Vivemos numa democracia e é a democracia que deve funcionar. Não anseio por manifestações de caceteiros, com destruição de lojas e automóveis, recontros mais ou menos selvagens entre manifestantes e polícia. Mas a revolta da população é palpável e se não se vislumbrarem quaisquer alternativas, o mais certo é multiplicarem-se e descontrolando-se os desesperos.

 

...exactamente o mesmo que ajudaste a eleger

 

 

"Este Governo é mais perigoso do que o de Sócrates"

 

Francisco Louçã é um dos responsáveis pela impossibilidade de um governo de coligação de esquerda. A sua política foi e é de confrontação com o PS, numa luta que julga poder ganhar, feita de demagogia e populismo. Na prática o BE sempre inviabilizou uma solução governativa na esquerda parlamentar, em consonância com o PCP, protagonizando ambos uma aliança contranatura com o PSD e o CDS.

 

Tanto se criticam e se questionam as opções dos vários líderes do PS em assumirem governos minoritários, mas a verdade é que, ou se aliam à direita ou estão sós.

 

Não vem a propósito mas lembro-me de um post (do qual tomei conhecimento indirecto) que insinua a cobardia de António Guterres, Durão Barroso e José Sócrates - porque fugiram - enaltecendo Passos Coelho.

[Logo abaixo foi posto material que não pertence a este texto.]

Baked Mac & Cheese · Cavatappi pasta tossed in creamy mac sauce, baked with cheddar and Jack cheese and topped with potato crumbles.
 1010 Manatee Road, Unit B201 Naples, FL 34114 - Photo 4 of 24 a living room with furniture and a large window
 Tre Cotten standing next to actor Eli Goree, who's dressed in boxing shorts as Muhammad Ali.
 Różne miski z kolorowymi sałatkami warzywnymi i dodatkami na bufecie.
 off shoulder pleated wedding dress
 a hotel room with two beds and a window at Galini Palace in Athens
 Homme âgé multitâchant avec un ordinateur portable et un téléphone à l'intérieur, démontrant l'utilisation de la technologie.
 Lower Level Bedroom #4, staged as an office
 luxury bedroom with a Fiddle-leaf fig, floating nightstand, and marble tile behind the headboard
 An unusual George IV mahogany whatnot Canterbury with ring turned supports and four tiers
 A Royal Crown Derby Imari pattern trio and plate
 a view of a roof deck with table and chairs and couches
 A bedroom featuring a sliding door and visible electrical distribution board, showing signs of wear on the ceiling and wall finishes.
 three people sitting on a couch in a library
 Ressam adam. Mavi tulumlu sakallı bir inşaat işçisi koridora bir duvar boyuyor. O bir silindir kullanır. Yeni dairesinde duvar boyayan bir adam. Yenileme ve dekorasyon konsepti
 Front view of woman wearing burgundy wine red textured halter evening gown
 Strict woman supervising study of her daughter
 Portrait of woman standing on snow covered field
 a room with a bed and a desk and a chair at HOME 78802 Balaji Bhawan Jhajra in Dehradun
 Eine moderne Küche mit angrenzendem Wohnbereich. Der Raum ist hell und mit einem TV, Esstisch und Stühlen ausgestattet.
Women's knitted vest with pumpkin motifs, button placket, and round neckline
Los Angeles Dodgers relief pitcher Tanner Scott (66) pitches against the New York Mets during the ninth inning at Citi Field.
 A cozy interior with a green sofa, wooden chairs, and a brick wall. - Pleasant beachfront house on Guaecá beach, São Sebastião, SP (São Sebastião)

Convém, no entanto, não esquecer alguns factos:

  • António Guterres assumiu uma derrota eleitoral e demitiu-se, permitindo uma clarificação política democrática;
  • José Sócrates demitiu-se na sequência do derrube do PEC IV, instrumento sem o qual era impossível governar, apresentou-se a eleições e, tendo sido derrotado, deu lugar a outros dentro do PS, aceitando o resultado da escolha dos cidadãos;
  • Durão Barroso, esse sim, trocou uma posição que ele considera de maior prestígio que o ser Primeiro-ministro de Portugal, tendo saído do governo e deixado o país numa balbúrdia, muito também por responsabilidade de Jorge Sampaio;
  • Passos Coelho fica? E porque não haveria de ficar? Tem uma maioria absoluta no Parlamento e um governo a cavalgar todas as ondas da austeridade mandatada pela Troika, aplaudido pela direita mais conservadora, em que é que isso é heróico?

As máquinas de propaganda não conseguem apagar totalmente a memória dos cidadãos. Pelo menos, assim espero.